== WHAT IS REQUIRED ==
Starting at the line that contains "Kenya King Lion", reproduce every line through the end of the entries below, with no pictures in the copy.

Captioned web image data
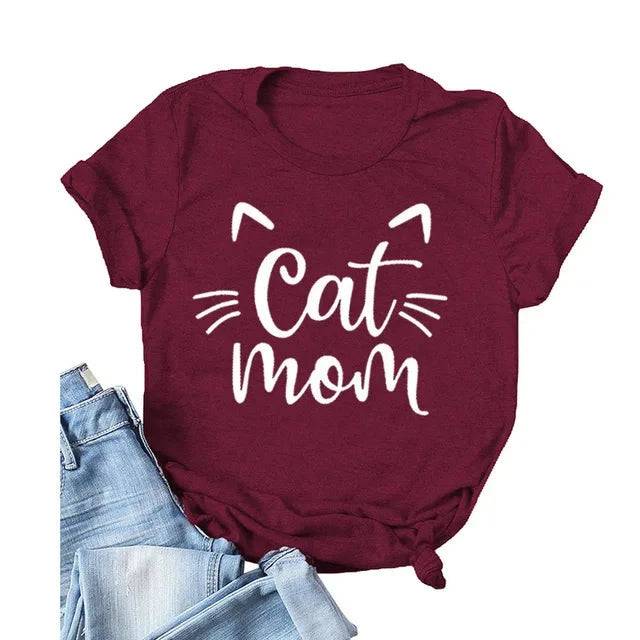 Burgundy "Cat Mom" Vivid Letter Print Women T-Shirt Short Sleeve O-Neck Loose Ladies Tee Tops Clothes - TrendyPet's Zone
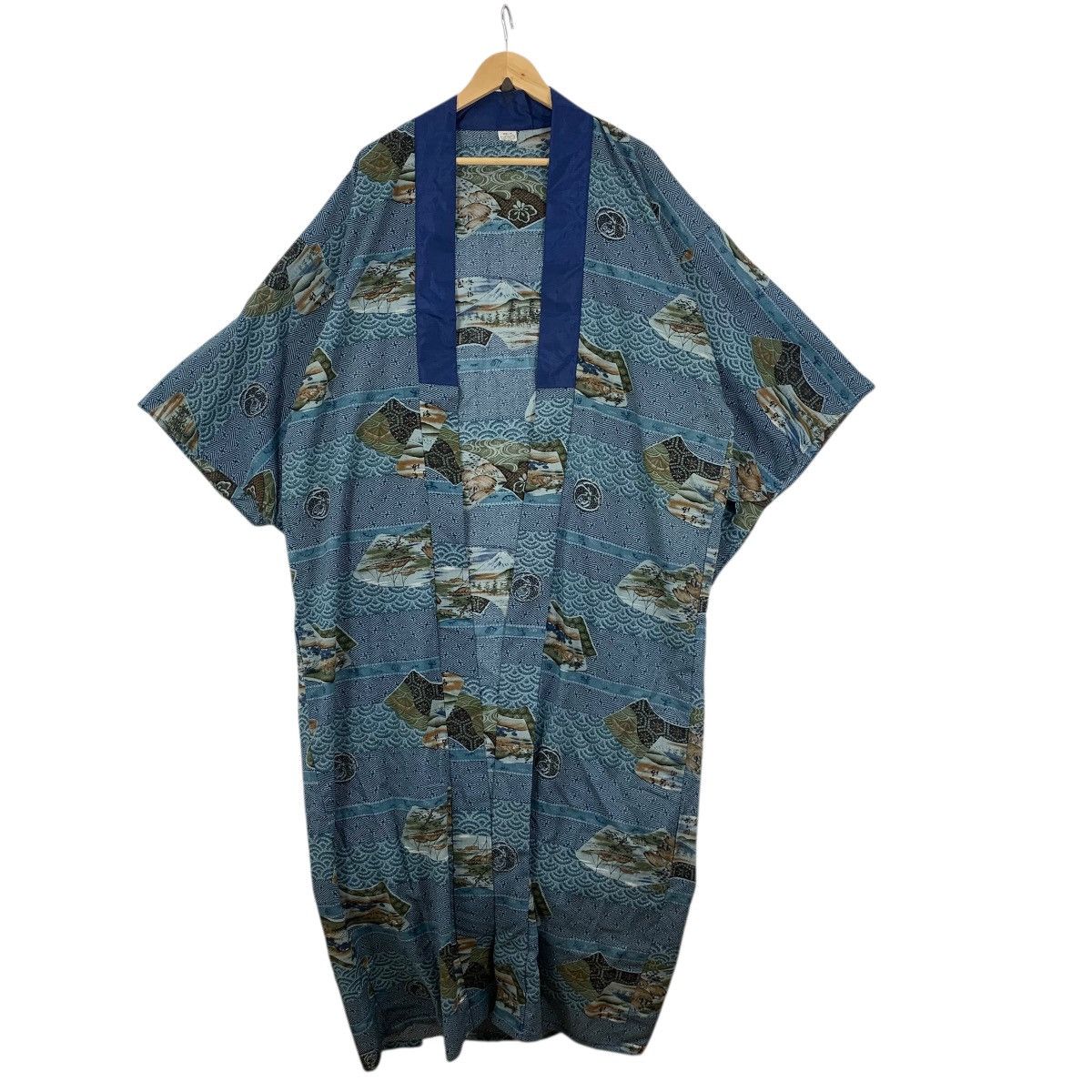 Vintage Vintage 70s KIMONO FUJI MOUNTAIN Japan Traditional Robe Coat Size XXL / US 16-18 / IT 52-54 - 3 Thumbnail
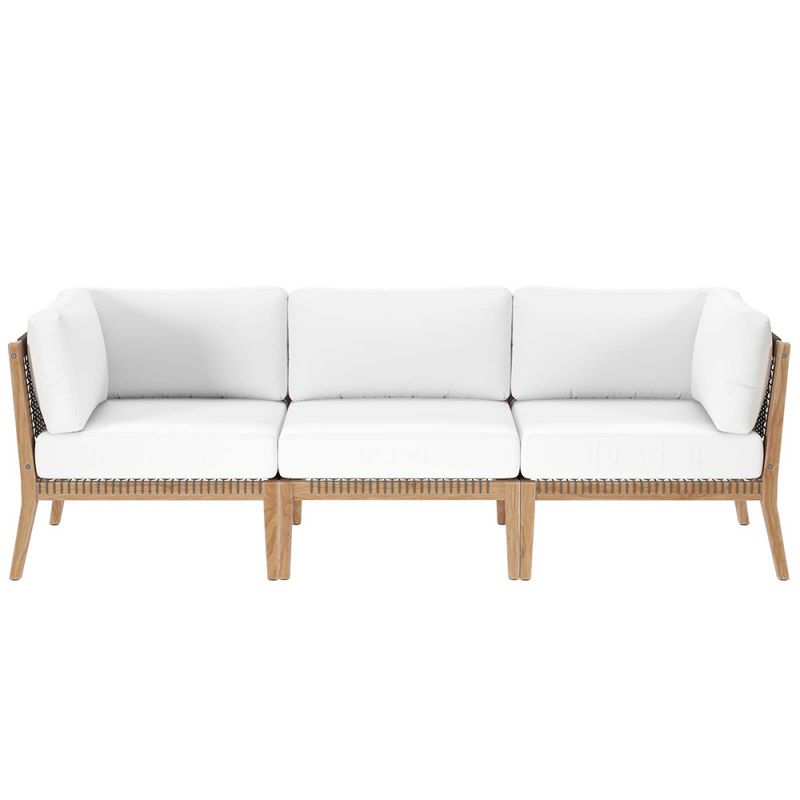 Modway - Clearwater Outdoor Patio Teak Wood Sofa - EEI-6120-GRY-WHI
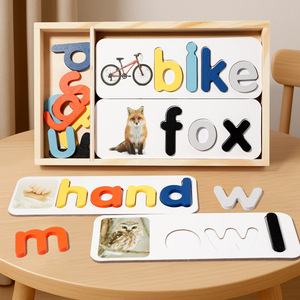 Juego de Rompecabezas de Palabras en Caja para Jardín de Infancia, Juego de <span class=keywords><strong>Mesa</strong></span> Educativo de Aprendizaje Temprano para <span class=keywords><strong>Niños</strong></span>, Piezas Grandes Interactivas para <span class=keywords><strong>Niños</strong></span> - Product Image 3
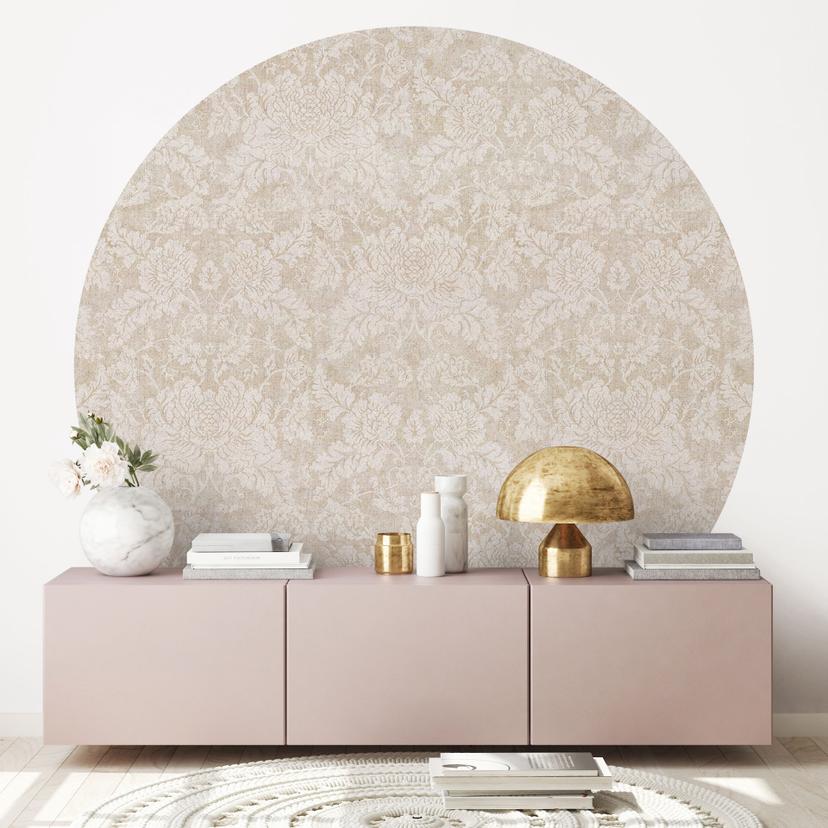 Papier peint photo Fleurs Ivory à l'aspect baroque - Bloomery Decor - rond - adhésif/non tissé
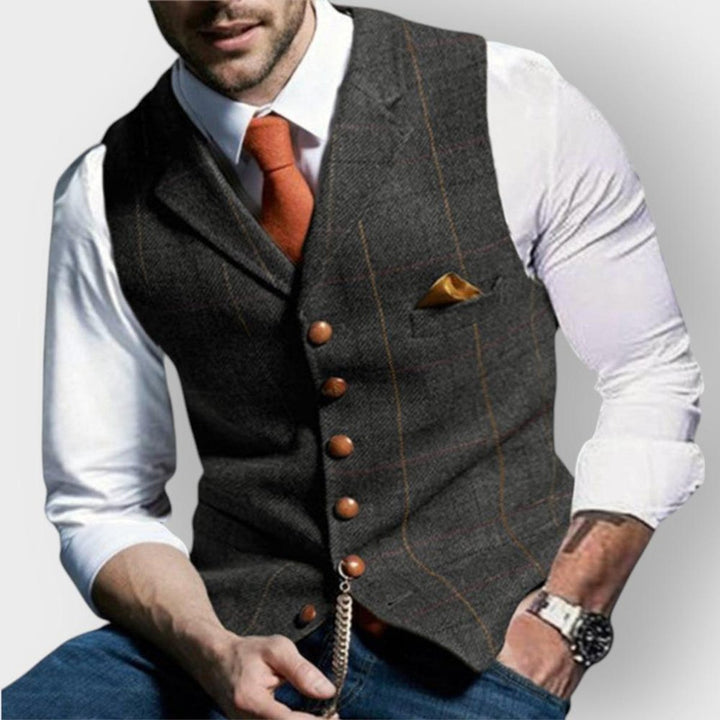 Herren Mens Gilet elegante Tweed-Weste mit Knopfleiste - Dunkelgrau
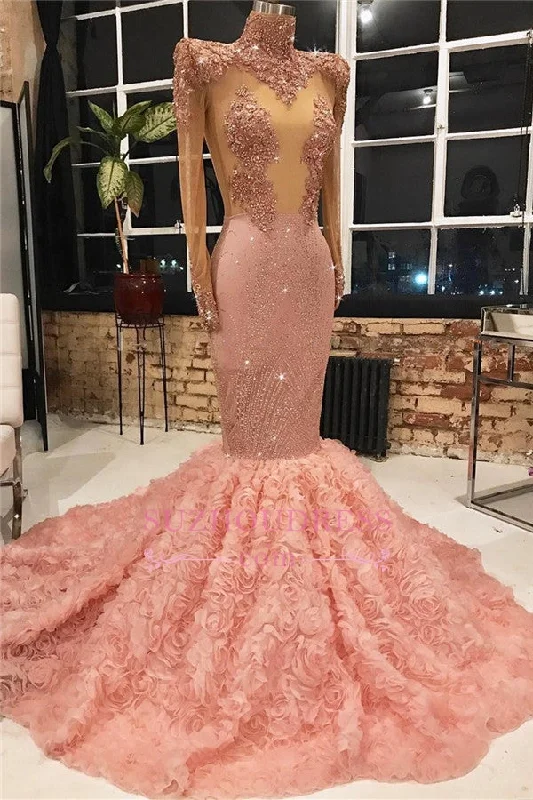 New Arrival High Neck Appliques Party Prom Dresses | Pink Long Sleeves Mermaid Flowers Evening Dresses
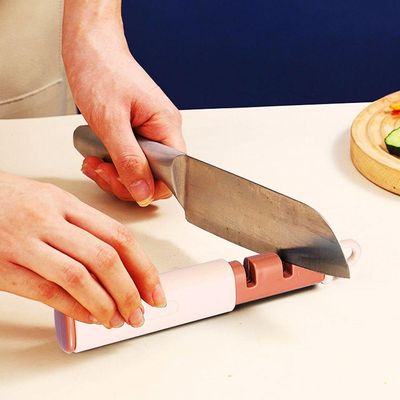 Descascador De Cozinha E Afiador De Faca 2 Em 1 Vegetais Portatil Aço Inox Rosa
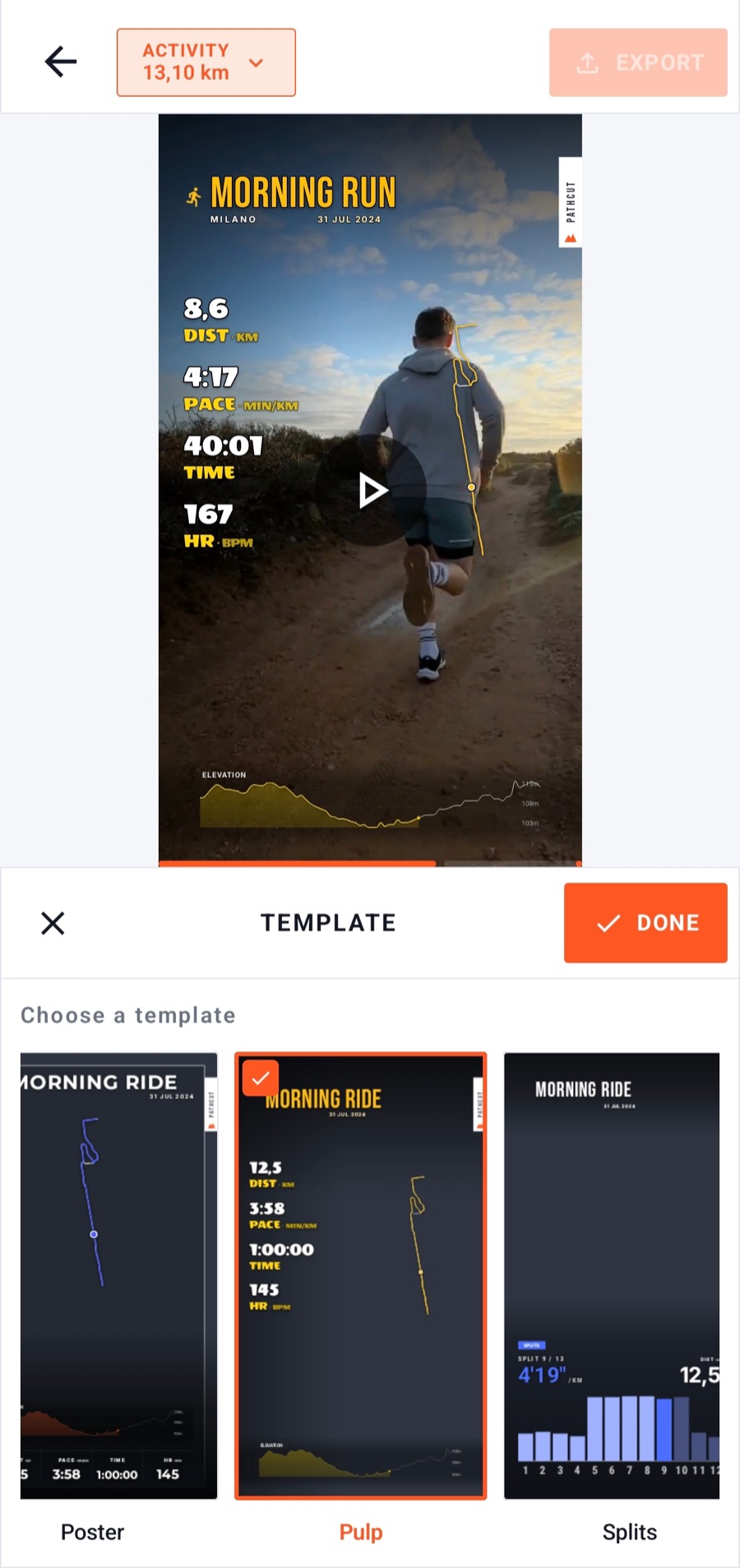 Template picker showing Poster, Pulp and Splits template styles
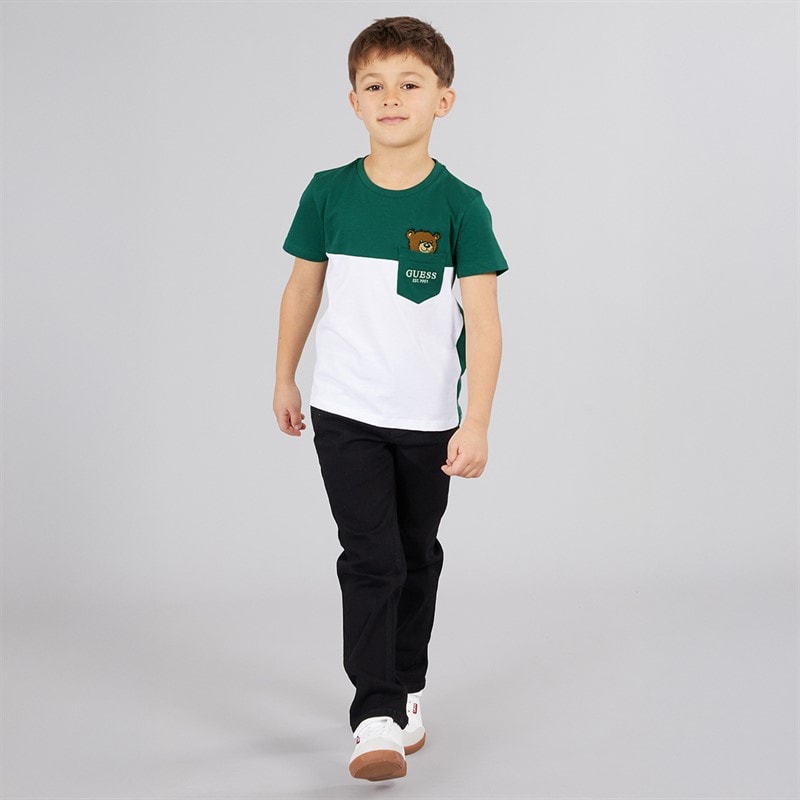 Guess T-shirt dla chłopca kolor Throwback Green – zdjęcie  4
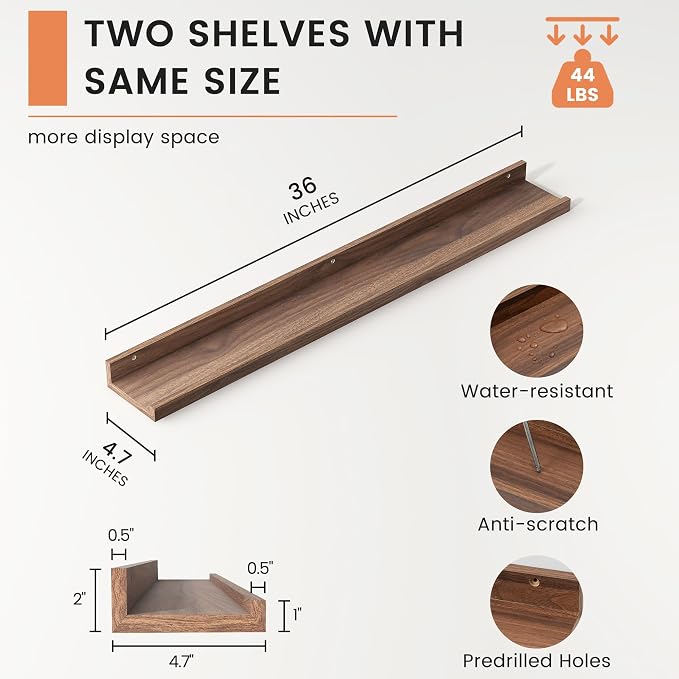 FLYJOE Picture Ledge Shelf, Floating Shelves Set of 2, 36 Inches Nursery Book Shelves for Toys Storage, Kids Bookshelf Wall Mounted for Living Room Bedroom Decor Books Photo Frames, Walnut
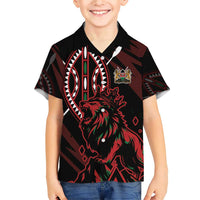 Kenya King Lion Personalized Family Matching Short Sleeve Bodycon Dress and Hawaiian Shirt Stylized Maasai Shield - Wonder Print Shop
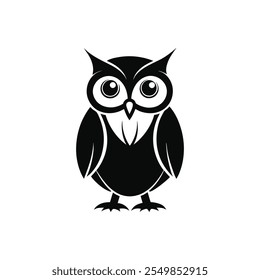 Majestic Owl Silhouette Vector for Elegant Designs on White Background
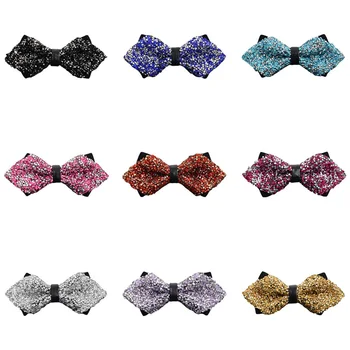 

Mens Glittery Crystal Pre-tied Bowties Shiny Wedding Party Diamond Tip Bow Ties QNTIE0331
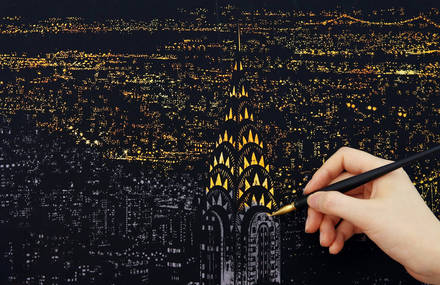 Gold Cityscapes Colouring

== ANSWER BELOW ==
 Kenya King Lion Personalized Family Matching Short Sleeve Bodycon Dress and Hawaiian Shirt Stylized Maasai Shield - Wonder Print Shop
 Majestic Owl Silhouette Vector for Elegant Designs on White Background

Mens Glittery Crystal Pre-tied Bowties Shiny Wedding Party Diamond Tip Bow Ties QNTIE0331
 Gold Cityscapes Colouring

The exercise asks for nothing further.